What happened to peak oil?
Peak oil demand is a contentious topic. It is crucial for climate change, yet there are possible negative downsides such as volatile oil equity prices and corporate bond defaults.
We believe that the demand for oil from passenger vehicles is likely to outstrip consensus forecasts. This suggests that peak oil demand is still some way in the distance
It is remarkable how quickly and dramatically market narratives can change. Well-established, widely-held beliefs end up being dismissed by the same market participants who had been their biggest advocates.
Peak oil – the view that the world would soon pass the peak in oil production, thereafter entering terminal decline - was one such belief.
Today, it is very difficult to find mainstream market participants who still hold this view. Peak oil is still with us though – only now it is the belief that oil demand is about to peak. While the consequences of peak supply could have been disastrous for economic activity, some aspects of peak demand could be positive as consumers and companies improve efficiency and switch to cleaner energy sources.

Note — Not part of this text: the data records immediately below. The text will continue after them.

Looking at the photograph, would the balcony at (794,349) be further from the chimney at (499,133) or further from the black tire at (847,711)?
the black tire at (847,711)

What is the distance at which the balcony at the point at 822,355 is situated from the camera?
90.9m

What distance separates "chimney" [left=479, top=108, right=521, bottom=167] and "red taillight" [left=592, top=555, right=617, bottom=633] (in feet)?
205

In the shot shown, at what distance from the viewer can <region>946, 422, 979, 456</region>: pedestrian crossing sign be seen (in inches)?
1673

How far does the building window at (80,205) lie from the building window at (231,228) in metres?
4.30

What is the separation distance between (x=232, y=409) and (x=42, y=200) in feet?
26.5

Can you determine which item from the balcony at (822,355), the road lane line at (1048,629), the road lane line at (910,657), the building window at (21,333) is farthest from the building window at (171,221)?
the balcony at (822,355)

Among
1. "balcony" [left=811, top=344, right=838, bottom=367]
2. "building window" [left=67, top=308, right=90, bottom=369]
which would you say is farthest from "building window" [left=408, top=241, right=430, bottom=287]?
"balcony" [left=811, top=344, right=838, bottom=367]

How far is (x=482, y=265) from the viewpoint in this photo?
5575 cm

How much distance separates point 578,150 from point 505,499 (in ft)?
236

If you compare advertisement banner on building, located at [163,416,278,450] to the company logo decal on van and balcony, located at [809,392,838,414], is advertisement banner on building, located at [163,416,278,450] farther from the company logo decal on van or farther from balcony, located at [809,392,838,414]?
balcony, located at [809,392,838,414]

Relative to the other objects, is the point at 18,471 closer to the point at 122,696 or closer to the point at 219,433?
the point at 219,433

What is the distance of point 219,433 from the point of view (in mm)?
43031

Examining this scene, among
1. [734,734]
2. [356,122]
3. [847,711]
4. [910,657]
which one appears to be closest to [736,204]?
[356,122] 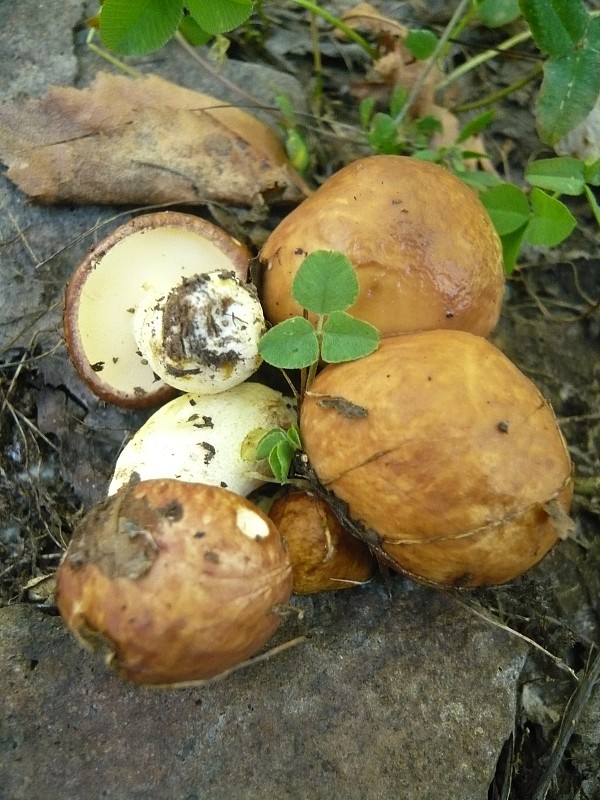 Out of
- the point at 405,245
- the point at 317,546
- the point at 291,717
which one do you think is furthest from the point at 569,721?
the point at 405,245

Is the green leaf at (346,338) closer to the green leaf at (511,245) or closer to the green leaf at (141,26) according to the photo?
the green leaf at (511,245)

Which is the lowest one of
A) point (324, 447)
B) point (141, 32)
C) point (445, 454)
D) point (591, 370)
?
point (591, 370)

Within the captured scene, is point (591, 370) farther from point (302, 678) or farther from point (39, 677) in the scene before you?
point (39, 677)

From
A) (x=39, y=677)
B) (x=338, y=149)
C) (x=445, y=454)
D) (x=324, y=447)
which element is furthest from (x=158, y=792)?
(x=338, y=149)

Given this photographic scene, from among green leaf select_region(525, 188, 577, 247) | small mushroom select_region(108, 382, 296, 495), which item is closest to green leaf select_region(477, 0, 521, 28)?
green leaf select_region(525, 188, 577, 247)

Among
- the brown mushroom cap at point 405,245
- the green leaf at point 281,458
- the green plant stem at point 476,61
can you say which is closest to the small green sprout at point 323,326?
the brown mushroom cap at point 405,245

A steady increase in oil demand has been very important in supporting strong capital expenditure from oil companies, even during economic downturns. Each year, companies have been confident that demand is going to be a bit higher, and ‘legacy supply (all else equal) is going to be a bit lower. But if oil demand peaks, companies will be less inclined to maintain levels of investment.
Moreover, should excess supply lead to price falls, the oil sector’s equity and bond prices could come under pressure. In 2015 and 2016, falling oil prices led to corporate bond defaults spiking higher and some oil-producing countries slipping into recession.
Focus on transportation
Oil demand is a complex topic, encompassing factors such as economic growth, technology development and government policy. Each could influence whether oil demand is set to peak in the coming years, and we will return to them in future research. However, for the purposes of this analysis we are going to focus on the dominant use of oil today, transportation.
Somewhere between 25% and 30% of all oil demand is attributed to cars and SUVs. Our analysis suggests that at some point in the future we believe it is highly likely that passenger vehicle oil demand is going to peak. That said, we think there are good reasons to suggest this will not happen in the coming five to ten years.